Considerando as forças e pressões sofridas pelos indivíduos e grupos dissidentes que promovem atos que colocam em xeque ou ameaçam a hegemonia, é necessário que exista algo que motive e fomente a realização de ações contra-hegemônicas, e que motive

tais indivíduos a se arriscarem – seja fisicamente, quando o grupo hegemônico responde com o uso da força, ou socialmente, quando a sociedade ou seu próprio grupo concorda (e apoia) o discurso do dominador. O elemento capaz de fazer com que os indivíduos se afastem da cotidianidade – usando a moral como norte para suas ações – e se levantem contra a hegemonia em defesa do grupo ou do outro é o vínculo.

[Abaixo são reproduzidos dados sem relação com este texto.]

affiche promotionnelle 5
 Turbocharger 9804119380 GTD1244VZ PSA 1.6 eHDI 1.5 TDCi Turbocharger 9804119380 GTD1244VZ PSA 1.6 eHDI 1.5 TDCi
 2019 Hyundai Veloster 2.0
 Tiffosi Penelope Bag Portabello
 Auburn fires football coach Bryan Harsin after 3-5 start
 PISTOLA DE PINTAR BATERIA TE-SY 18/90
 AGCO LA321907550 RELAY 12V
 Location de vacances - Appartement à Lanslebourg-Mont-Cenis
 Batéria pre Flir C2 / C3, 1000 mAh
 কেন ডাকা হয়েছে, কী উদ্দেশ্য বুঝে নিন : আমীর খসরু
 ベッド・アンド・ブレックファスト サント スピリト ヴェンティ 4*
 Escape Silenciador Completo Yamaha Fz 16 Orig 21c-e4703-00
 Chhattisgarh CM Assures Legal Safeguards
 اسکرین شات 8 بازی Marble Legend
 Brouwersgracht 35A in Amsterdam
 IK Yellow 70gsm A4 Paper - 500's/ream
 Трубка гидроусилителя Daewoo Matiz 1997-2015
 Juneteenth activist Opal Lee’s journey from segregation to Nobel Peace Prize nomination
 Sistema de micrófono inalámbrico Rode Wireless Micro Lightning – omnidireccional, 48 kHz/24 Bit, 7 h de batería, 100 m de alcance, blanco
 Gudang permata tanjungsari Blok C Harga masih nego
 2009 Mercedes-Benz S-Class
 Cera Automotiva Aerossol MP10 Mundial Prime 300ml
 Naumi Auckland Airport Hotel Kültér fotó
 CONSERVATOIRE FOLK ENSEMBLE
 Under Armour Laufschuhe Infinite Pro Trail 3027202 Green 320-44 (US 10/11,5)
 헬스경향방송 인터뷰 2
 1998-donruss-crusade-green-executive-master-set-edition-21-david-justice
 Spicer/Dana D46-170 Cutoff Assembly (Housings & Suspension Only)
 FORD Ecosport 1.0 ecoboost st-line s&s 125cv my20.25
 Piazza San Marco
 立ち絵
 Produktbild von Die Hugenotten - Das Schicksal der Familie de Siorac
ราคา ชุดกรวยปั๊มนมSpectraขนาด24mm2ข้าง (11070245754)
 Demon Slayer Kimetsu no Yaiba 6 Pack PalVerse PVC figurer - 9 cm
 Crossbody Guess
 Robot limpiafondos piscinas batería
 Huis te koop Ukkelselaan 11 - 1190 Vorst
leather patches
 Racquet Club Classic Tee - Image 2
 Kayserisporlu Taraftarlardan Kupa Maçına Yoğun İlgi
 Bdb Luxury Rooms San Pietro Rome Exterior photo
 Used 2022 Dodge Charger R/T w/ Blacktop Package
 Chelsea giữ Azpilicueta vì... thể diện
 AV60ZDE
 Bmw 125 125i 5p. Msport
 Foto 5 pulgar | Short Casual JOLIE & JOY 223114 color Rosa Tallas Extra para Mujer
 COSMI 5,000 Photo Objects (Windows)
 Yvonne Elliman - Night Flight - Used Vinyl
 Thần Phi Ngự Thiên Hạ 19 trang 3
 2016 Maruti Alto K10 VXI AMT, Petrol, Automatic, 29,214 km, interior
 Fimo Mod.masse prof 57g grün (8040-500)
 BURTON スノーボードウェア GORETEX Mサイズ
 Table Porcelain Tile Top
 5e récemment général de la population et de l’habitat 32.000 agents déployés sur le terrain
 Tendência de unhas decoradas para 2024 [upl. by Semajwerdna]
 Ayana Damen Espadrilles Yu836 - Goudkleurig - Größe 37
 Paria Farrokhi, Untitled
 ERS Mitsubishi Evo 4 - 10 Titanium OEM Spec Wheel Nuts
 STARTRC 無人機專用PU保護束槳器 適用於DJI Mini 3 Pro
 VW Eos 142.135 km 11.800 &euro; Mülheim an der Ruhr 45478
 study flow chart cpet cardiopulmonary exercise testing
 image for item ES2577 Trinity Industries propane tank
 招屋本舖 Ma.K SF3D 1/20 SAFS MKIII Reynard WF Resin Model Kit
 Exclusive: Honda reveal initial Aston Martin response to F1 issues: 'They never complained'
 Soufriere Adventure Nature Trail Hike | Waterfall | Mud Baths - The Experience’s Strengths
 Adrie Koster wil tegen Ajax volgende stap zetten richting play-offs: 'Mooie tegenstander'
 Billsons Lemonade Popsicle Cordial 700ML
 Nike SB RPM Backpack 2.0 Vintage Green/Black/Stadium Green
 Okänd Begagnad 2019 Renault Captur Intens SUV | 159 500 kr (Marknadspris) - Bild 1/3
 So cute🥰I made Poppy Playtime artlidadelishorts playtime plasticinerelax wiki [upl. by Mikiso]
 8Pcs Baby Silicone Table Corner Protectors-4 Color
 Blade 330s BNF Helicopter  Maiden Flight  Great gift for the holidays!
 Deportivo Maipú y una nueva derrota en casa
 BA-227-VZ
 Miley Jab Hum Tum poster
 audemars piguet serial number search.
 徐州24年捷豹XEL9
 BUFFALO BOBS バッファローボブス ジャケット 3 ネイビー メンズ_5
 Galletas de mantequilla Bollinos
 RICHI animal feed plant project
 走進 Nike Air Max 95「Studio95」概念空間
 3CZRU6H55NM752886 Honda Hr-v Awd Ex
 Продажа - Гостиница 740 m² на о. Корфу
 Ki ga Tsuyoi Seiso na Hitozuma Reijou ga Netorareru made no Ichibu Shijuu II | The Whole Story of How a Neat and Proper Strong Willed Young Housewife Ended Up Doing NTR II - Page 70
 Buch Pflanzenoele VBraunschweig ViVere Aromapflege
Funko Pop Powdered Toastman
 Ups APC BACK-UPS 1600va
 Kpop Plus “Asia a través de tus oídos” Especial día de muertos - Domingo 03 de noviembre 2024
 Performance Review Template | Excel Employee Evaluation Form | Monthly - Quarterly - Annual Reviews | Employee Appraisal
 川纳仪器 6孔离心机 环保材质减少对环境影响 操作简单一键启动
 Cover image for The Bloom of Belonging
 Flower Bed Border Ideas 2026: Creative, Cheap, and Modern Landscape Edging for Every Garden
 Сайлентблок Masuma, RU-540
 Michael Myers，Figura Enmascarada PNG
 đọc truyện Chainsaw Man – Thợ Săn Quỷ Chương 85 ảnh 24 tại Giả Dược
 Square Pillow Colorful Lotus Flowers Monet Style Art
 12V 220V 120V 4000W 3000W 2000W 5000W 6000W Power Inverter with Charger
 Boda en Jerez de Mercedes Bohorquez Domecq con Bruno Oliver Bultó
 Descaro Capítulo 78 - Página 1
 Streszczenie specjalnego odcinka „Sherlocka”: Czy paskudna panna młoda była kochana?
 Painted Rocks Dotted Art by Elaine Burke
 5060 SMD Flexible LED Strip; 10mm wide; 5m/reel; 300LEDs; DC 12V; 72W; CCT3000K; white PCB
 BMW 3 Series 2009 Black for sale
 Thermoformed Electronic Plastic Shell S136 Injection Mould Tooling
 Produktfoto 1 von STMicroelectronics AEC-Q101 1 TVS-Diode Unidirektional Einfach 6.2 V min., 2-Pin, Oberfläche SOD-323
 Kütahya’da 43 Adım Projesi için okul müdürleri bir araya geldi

A publicidade social, que se propõe a trazer a sociedade civil para dentro da solução dos problemas, deve ter como base de atuação e como objetivo o fortalecimento e criação de vínculos, seja com uma causa, um grupo, ou mesmo um indivíduo. A publicidade social deve objetivar com sua atuação a criação e o fortalecimento dos vínculos (e não no uso tecnicista das ferramentas), para que sua capacidade de transformação social seja potencializada.

Em síntese, a publicidade social (SALDANHA, 2012), fundamentada no fazer contra-hegemônico (GRAMSCI, 2004), atua para a criação e o fortalecimento de vínculos (SODRÉ, 2012) entre indivíduos e causas, grupos ou comunidades, que, uma vez vinculados, passam a tomar decisões baseadas na moral (HELLER, 2016), se afastando da cotidianidade – mas sem desvincular-se dela.

Para Yamamoto, ao analisar os textos de Sodré, “o vínculo pode ser facilitado pelo uso técnico” (2012, p.51), por isso é importante que se analise o papel e o impacto das novas tecnologias – em especial no digital – no processo de construção de vínculos. A campanha #TodosContraTB, por exemplo, se concentrou nas plataformas digitais, uma vez que o abaixo-assinado estava disponível em um site e a organização convidava para que os usuários apoiassem a campanha pelas redes. Será analisado no terceiro capítulo do trabalho as potencialidades e fragilidades do digital para o fazer contra-hegemônico e para a publicidade social. Entretanto, no próximo capítulo, será abordado o posicionamento de publicidade social que fundamenta este trabalho.